*** DATA RECORDS ***

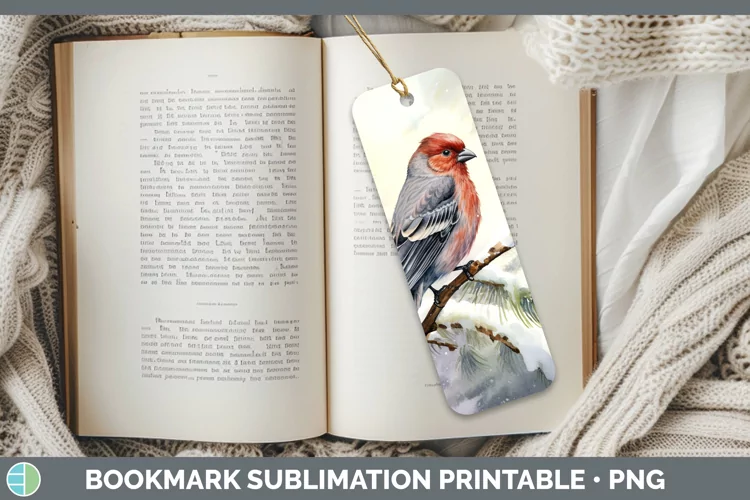 Winter Snow Pine Grosbeak Bookmark Sublimation Printable Des
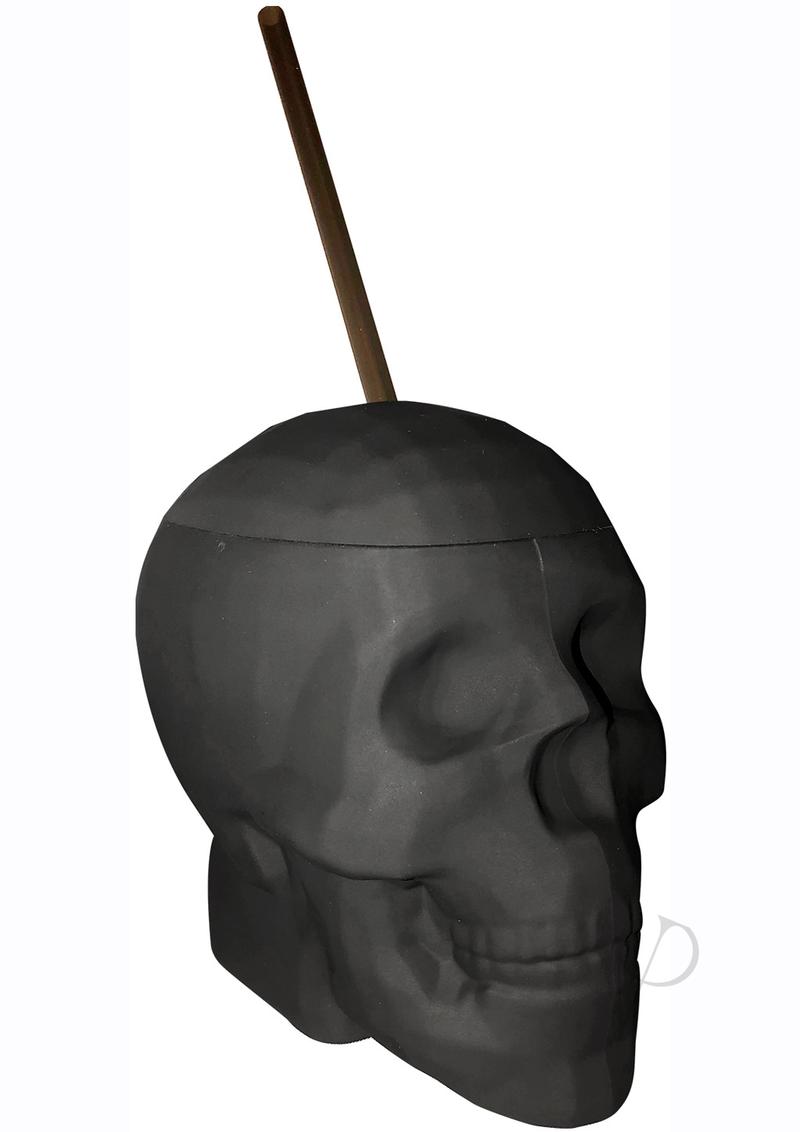 22oz Black Matte Skull Tumbler with Reusable Plastic Straw - Perfect for Halloween Parties, Gothic Home Decor & Iced Coffee Lovers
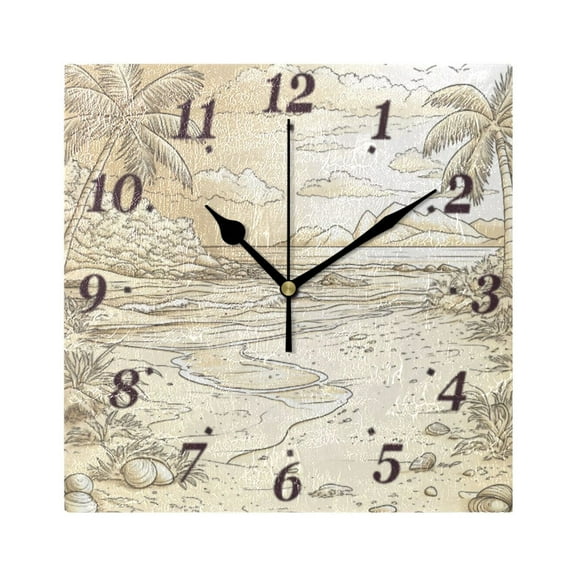 Beach and Palm Trees Wall Clock Square Clock Decoration Creative Clock Dual Use Black Pointer 7.78in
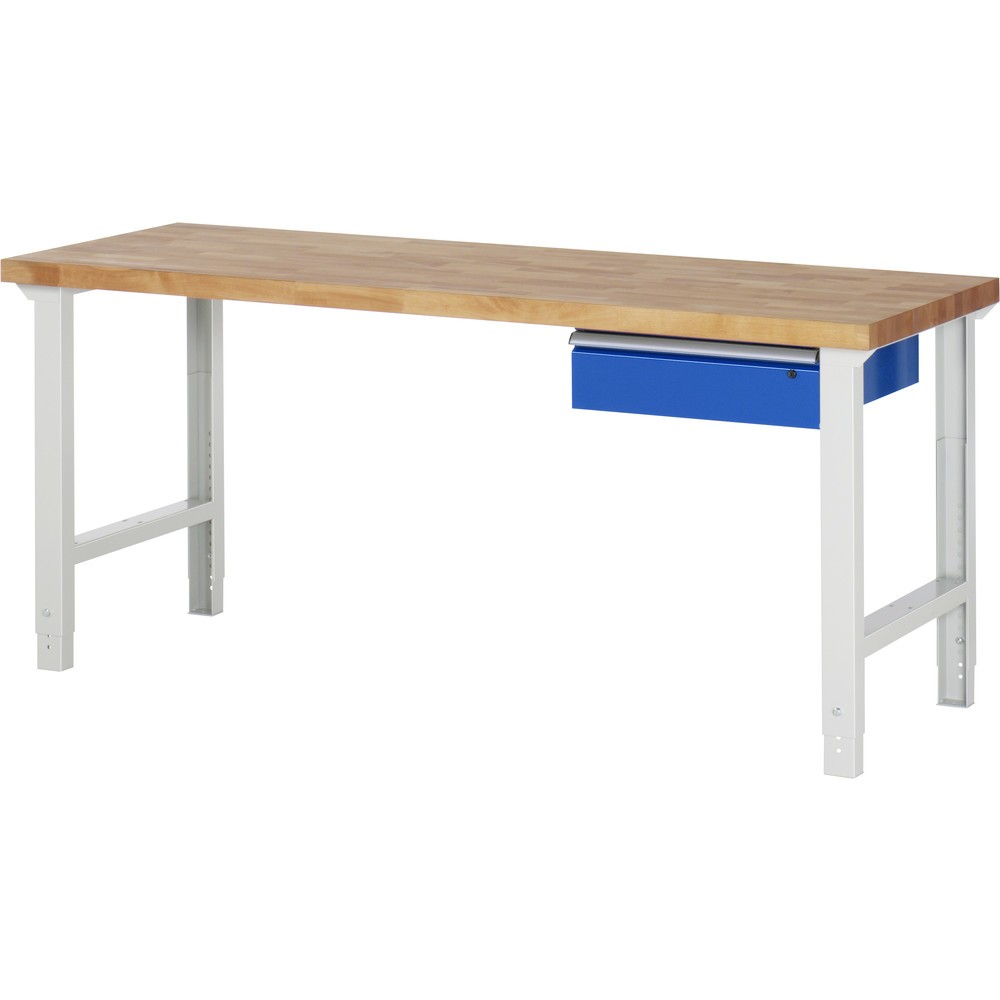 Produktabbildung: RAU Werkbank Serie 7000, HxBxT 790-1.140 x 2.000 x 700 mm, 1 Schublade, ErgoScript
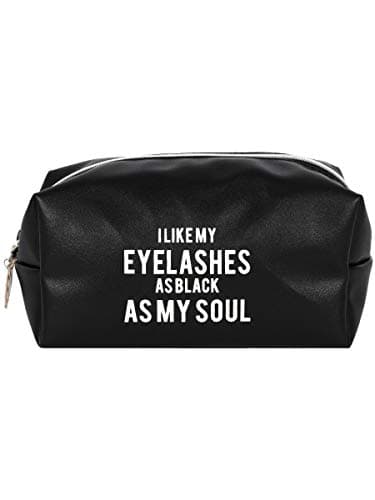 Image of I Like My Eyelashes As Black As My Soul Make Up Bag Black 25x14x18cm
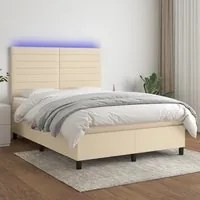 Letto a Molle con Materasso e LED Crema 140x190 cm in Tessuto 3134954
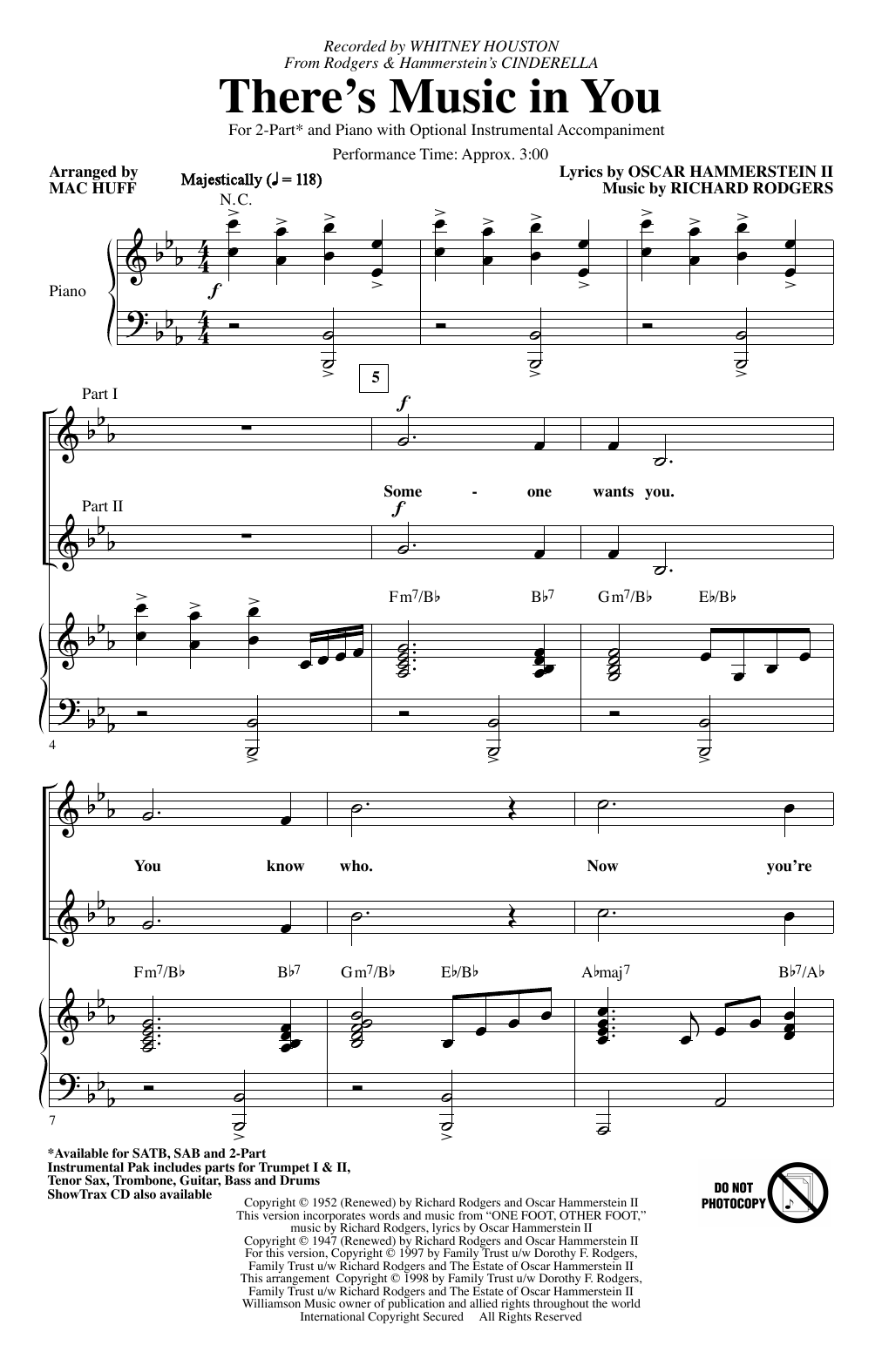 Whitney Houston There's Music In You (from Cinderella) (arr. Mac Huff) sheet music notes and chords. Download Printable PDF.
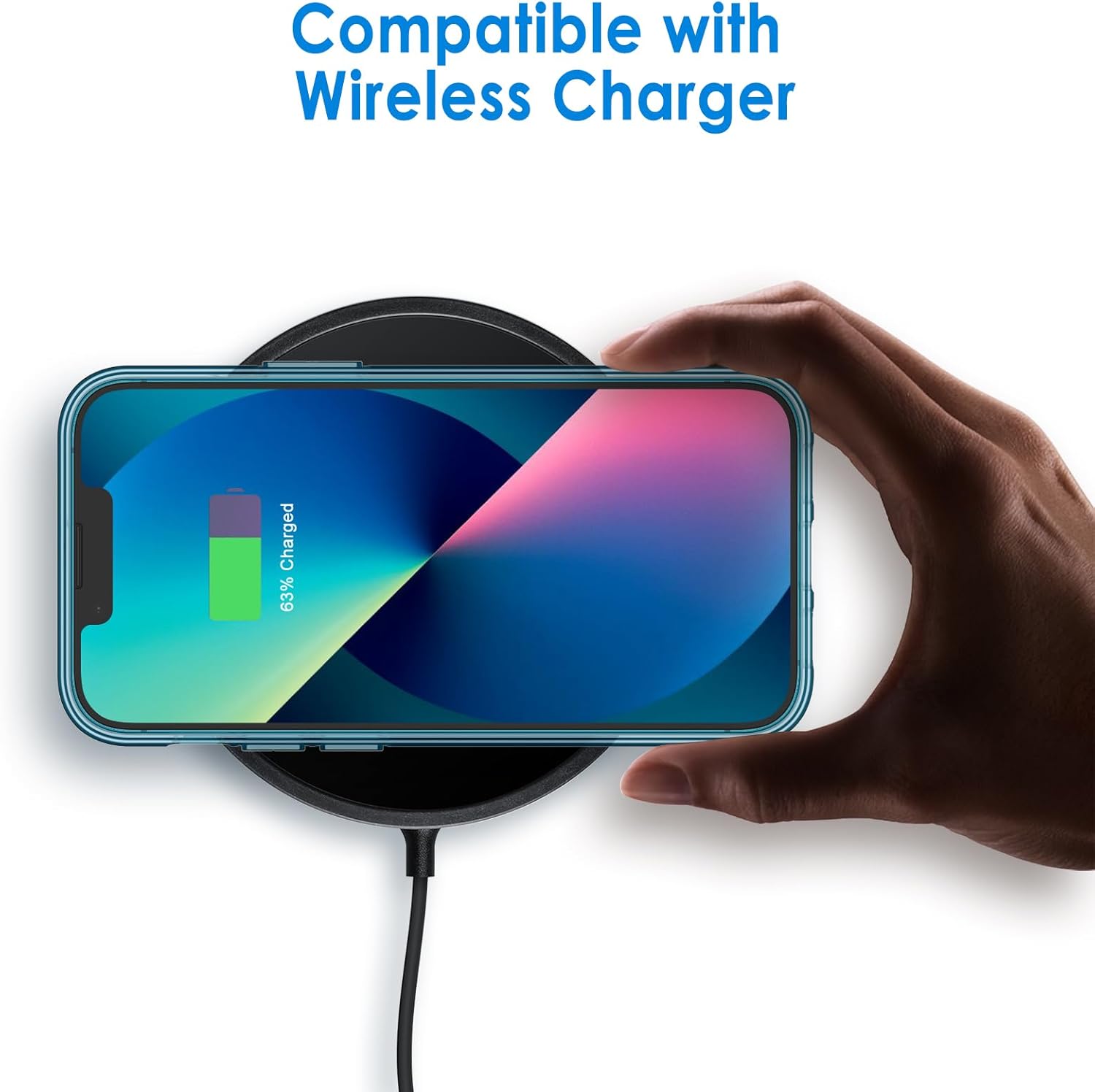 iPhone 13 Mini zadné púzdro nežltnúce, priehľadné s modrým lemom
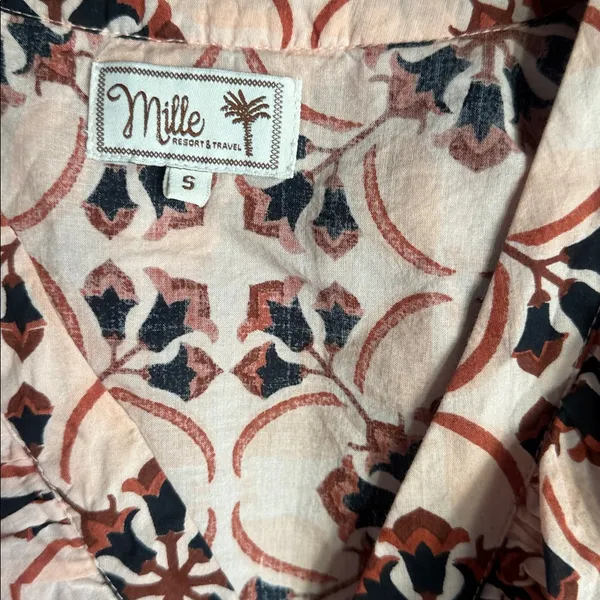 Mille Sayulita print Ruffle Blouse Pink - Image 3
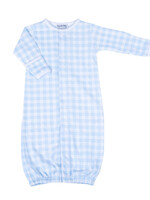 Magnolia Baby Baby Checks Conv Gown Lt Blue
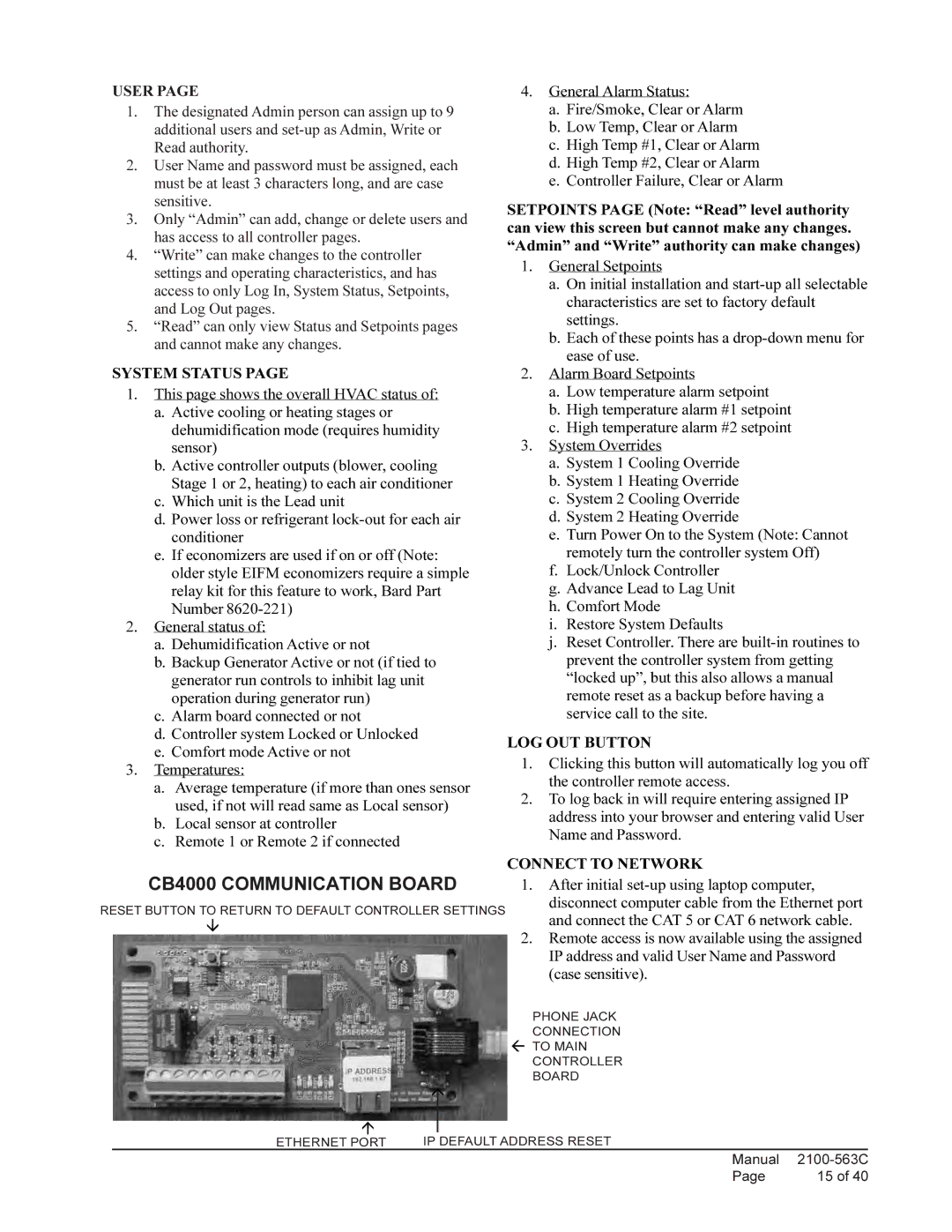 Bard MC4000 installation instructions CB4000 Communication Board 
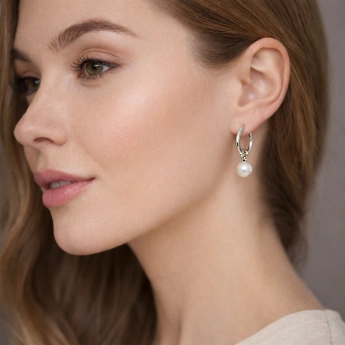 Ocelové perlové náušnice s klapkou Stříbrná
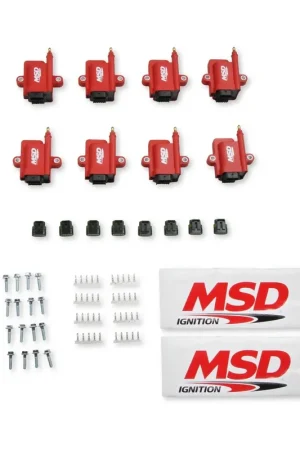 MSD Ignition Coil - Smart - 8-Pack - Red Universal - Use with Holley or EFI Systems Bulk Order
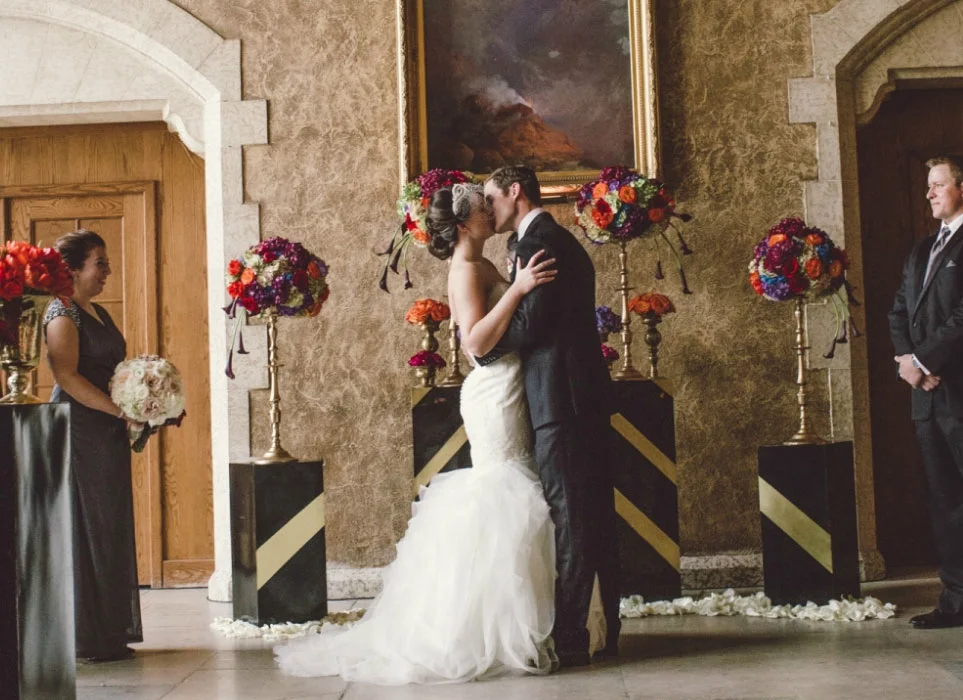 Bright and Colourful Wedding Ceremony Flowers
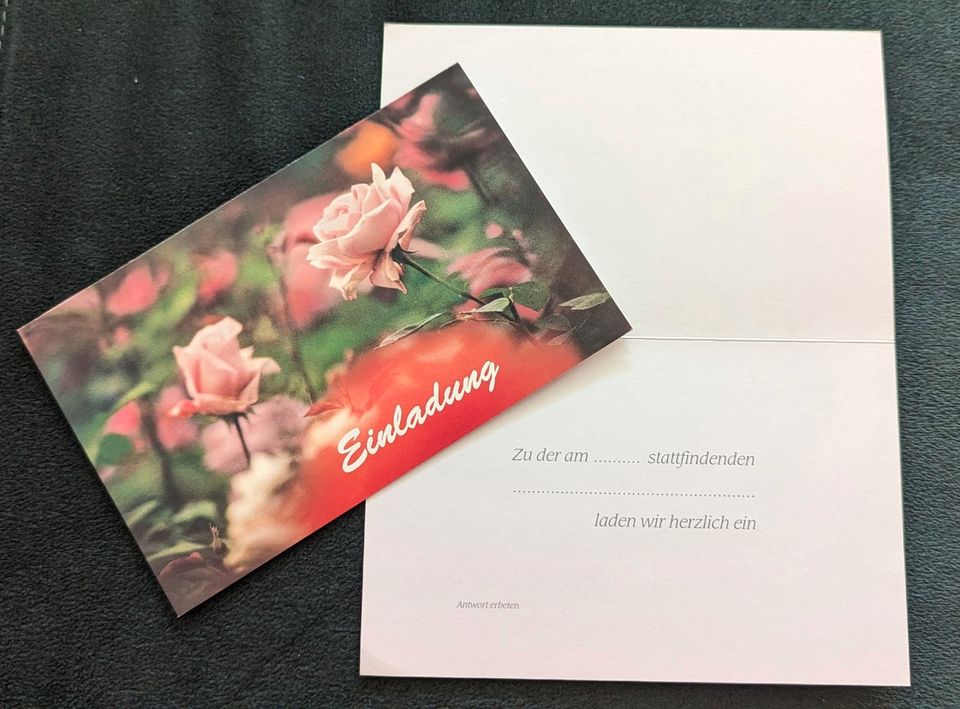 5 Einladungskarten Klappkarten mit Umschlag 9x15 cm in München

*** End of DATA RECORDS ***

YOUR INSTRUCTIONS: The full listing above, duplicated exactly and without its pictures, is the answer.

YOUR SOLUTION:
 Winter Snow Pine Grosbeak Bookmark Sublimation Printable Des
 22oz Black Matte Skull Tumbler with Reusable Plastic Straw - Perfect for Halloween Parties, Gothic Home Decor & Iced Coffee Lovers
 Beach and Palm Trees Wall Clock Square Clock Decoration Creative Clock Dual Use Black Pointer 7.78in
 Produktabbildung: RAU Werkbank Serie 7000, HxBxT 790-1.140 x 2.000 x 700 mm, 1 Schublade, ErgoScript
 Image of I Like My Eyelashes As Black As My Soul Make Up Bag Black 25x14x18cm
 Letto a Molle con Materasso e LED Crema 140x190 cm in Tessuto 3134954
 Whitney Houston There's Music In You (from Cinderella) (arr. Mac Huff) sheet music notes and chords. Download Printable PDF.
 iPhone 13 Mini zadné púzdro nežltnúce, priehľadné s modrým lemom
 Mille Sayulita print Ruffle Blouse Pink - Image 3
 Magnolia Baby Baby Checks Conv Gown Lt Blue
 Bard MC4000 installation instructions CB4000 Communication Board 
 Ocelové perlové náušnice s klapkou Stříbrná
 MSD Ignition Coil - Smart - 8-Pack - Red Universal - Use with Holley or EFI Systems Bulk Order
 Bright and Colourful Wedding Ceremony Flowers
 5 Einladungskarten Klappkarten mit Umschlag 9x15 cm in München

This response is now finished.